Zufrieden nickte er. »Ist ja mal ein ganz anderer Schnack als mein schnöder, alter Schuhkarton!«
Als er die kleine Schranktür öffnete, war er daraufhin förmlich entzückt von dem, was er darin erblickte: »Da sind sogar Kleiderbügel in meiner Größe drin!«
»Klar, Sascha legte viel Wert darauf, dass es ihre Puppen komfortabel haben. Inzwischen ist sie aus dem Alter heraus, um mit Puppen zu spielen. Neuerdings interessiert sie sich für Jungs. Wie schnell die Zeit vergeht«, sinnierte ich. »Gut, ich bringe dir später ein paar neue Batterien herunter, nur für den Fall, dass die alte ihren Geist aufgibt. Und wenn du Wasser brauchst, in der Ecke steht ein Napf mit frischem Wasser, das du dir allerdings mit dem Kater teilen musst. Hm, und was die Hygiene betrifft... Benutze einfach das Katzenklo«, schlug ich vor. »Und lass deinen Müll nicht herumliegen, das ist asozial!«
»Kein Problem, Meister.

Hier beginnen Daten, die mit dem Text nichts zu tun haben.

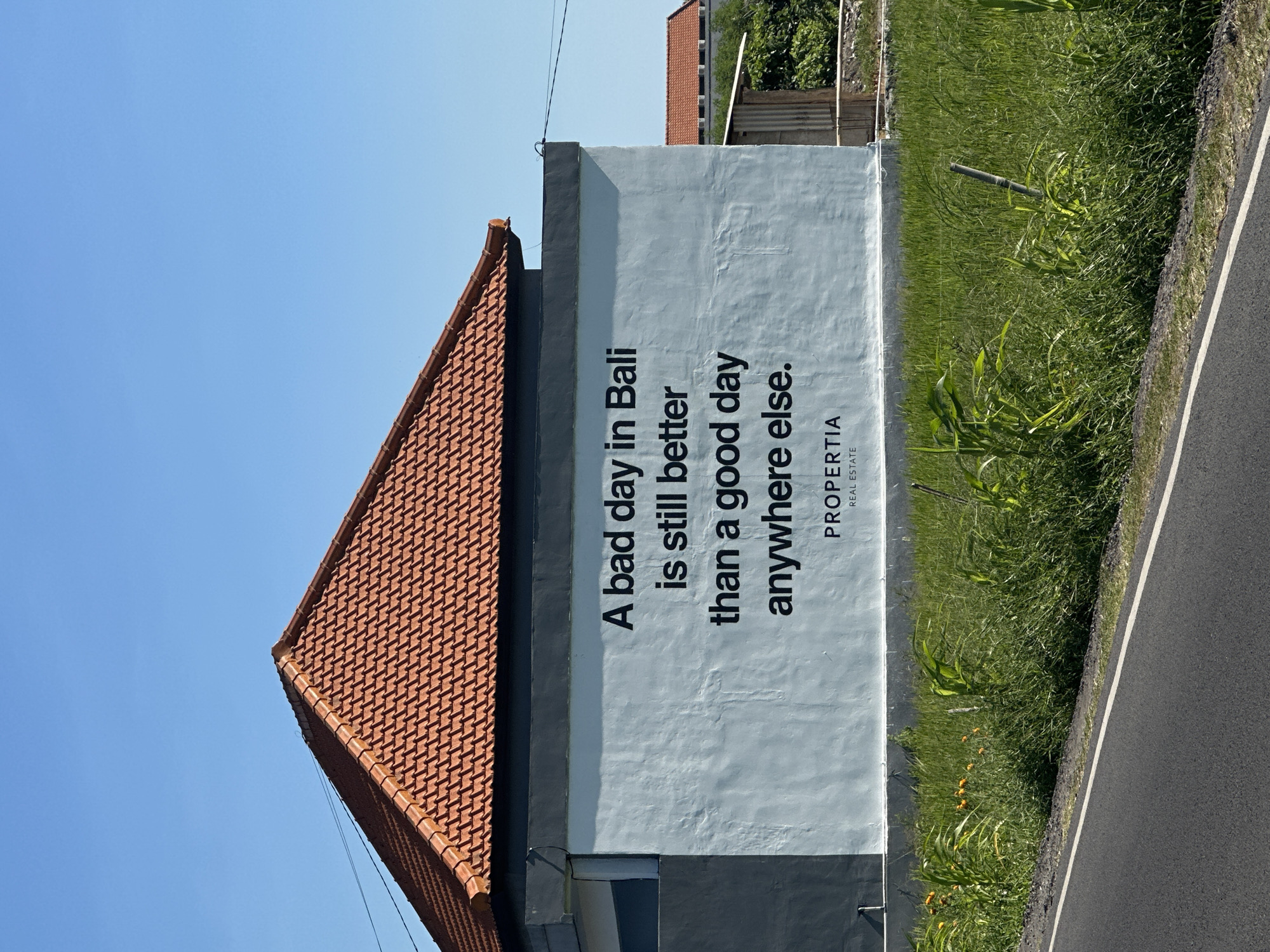 The image shows the side of a building in North Kuta, Indonesia. The building has a terracotta tiled roof. A sign painted on the side of the building reads: "A bad day in Bali is still better than a good day anywhere else." Below the text is the word "PROPERTIA" and the words "REAL ESTATE". Next to the building is overgrown green grass and a road. The sky is blue.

Ich schrecke nicht mal vor Katzenfutter zurück, bin hart im Nehmen. Jawoll, Sir! Ich werde selbstredend alles tipptopp sauber halten, Ehrenwort«, salutierte er stramm. »Ich hoffe nur, hier wohnen keine Kellerwichtel!«
»Kellerwichtel habe ich bisher nicht gesehen. Sind sie etwa ein Problem für dich?«, fragte ich misstrauisch.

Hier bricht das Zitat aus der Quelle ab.